Algebraic fractions are similar to regular fractions, but they contain algebraic expressions in the numerator and/or the denominator. Just like their numerical counterparts, the goal when working with algebraic fractions is to perform operations such as addition, subtraction, multiplication, division or solving equations. For example, in the given exercise, we have the algebraic equation \(\frac{x}{5}-\frac{1}{2}=\frac{x}{6}\). These fractions may appear daunting at first due to the presence of variables, but the process to solve them usually involves finding a common denominator, eliminating the fractions, and then solving the resulting linear equation..

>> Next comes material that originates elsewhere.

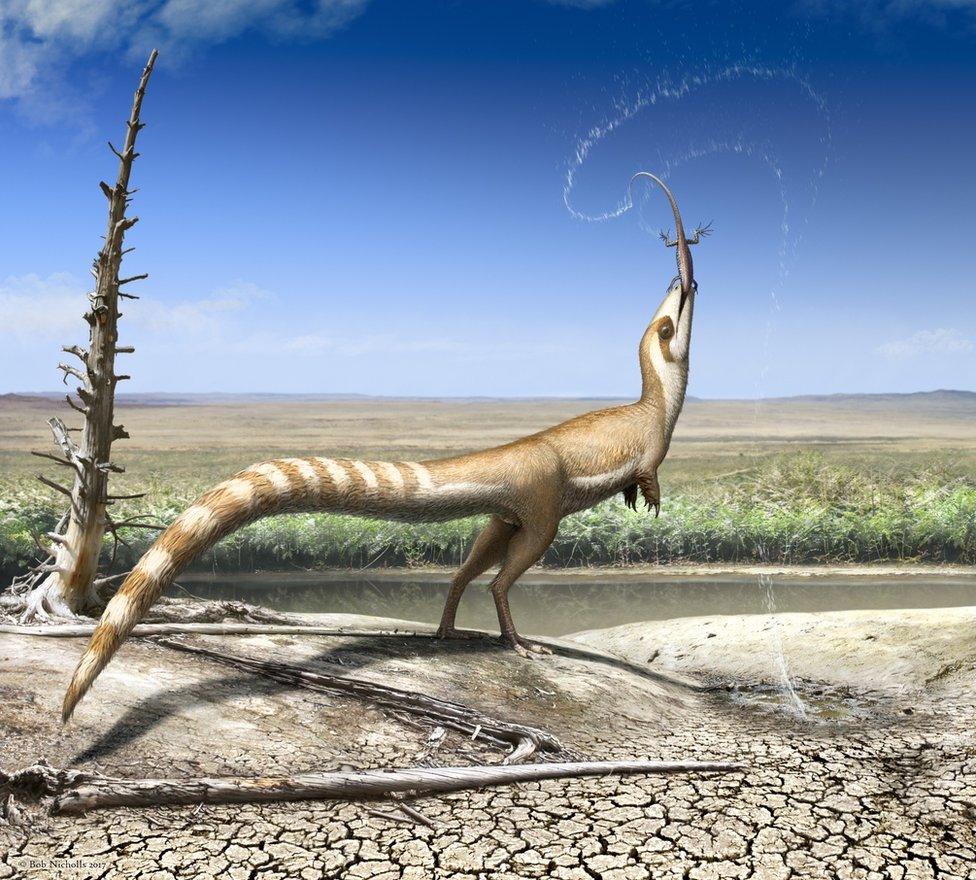 Sinosauropteryx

To work effectively with algebraic fractions, one must understand operations with regular fractions, how to find a least common denominator (LCD), and how to simplify expressions. It's important to remember not to cross multiply immediately if there are more than two fractions or if they are part of a more complex equation. Instead, we first find a common factor that can eliminate all denominators when multiplied with each term.

The common denominator method is a foundational technique in algebra that is used to solve equations involving algebraic fractions. The key idea is to find a least common denominator (LCD) that can be used to eliminate the fractions. In our exercise, each fraction has a different denominator. To find an LCD we look for the least common multiple (LCM) of the denominators, which in this case are 5, 2, and 6. The LCM of these numbers is 30, so multiplying each term by 30 will clear the fractions and give us a simpler equation to solve.

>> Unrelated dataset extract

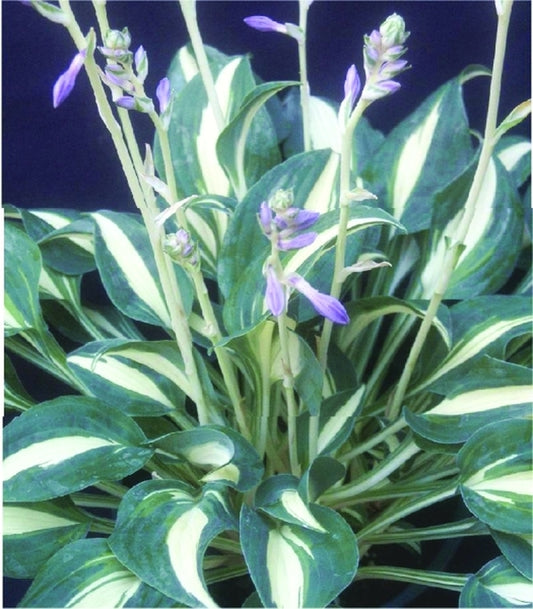 Image of Hosta 'Little Treasure' PP 21,210|Holland|J. Van den Top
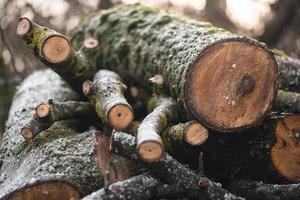 de nombreux arbres coupés dans la forêt pour le bois de chauffage photo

When using this method, you multiply every term on both sides of the equation by the LCD. This step needs to be done carefully to ensure each term is treated equally to avoid mistakes. It's critical that the entire term, including its sign, is multiplied by the LCD. This approach transforms an equation with algebraic fractions into a linear equation which is often easier to solve.

Linear equations are equations of the first degree, meaning they contain variables that are raised only to the power of one. When the variables are isolated on one side, and the constants on the other, linear equations have the general form \(ax + b = 0\), where \(a\) and \(b\) are constants. Solving linear equations involves isolating the variable to find its value.

In our exercise, after eliminating the denominators and simplifying, we obtained a linear equation: \(6x - 15 = 5x\). To solve this, we follow a set of steps, such as combining like terms and isolating the variable. By subtracting \(5x\) from both sides, we simplify down to \(x = 15\), which is our solution. Remember, checking your answer by substituting back into the original equation is essential to ensure the solution is correct. To fully understand linear equations, practice solving them with different coefficients and constants, and soon the process will become more intuitive.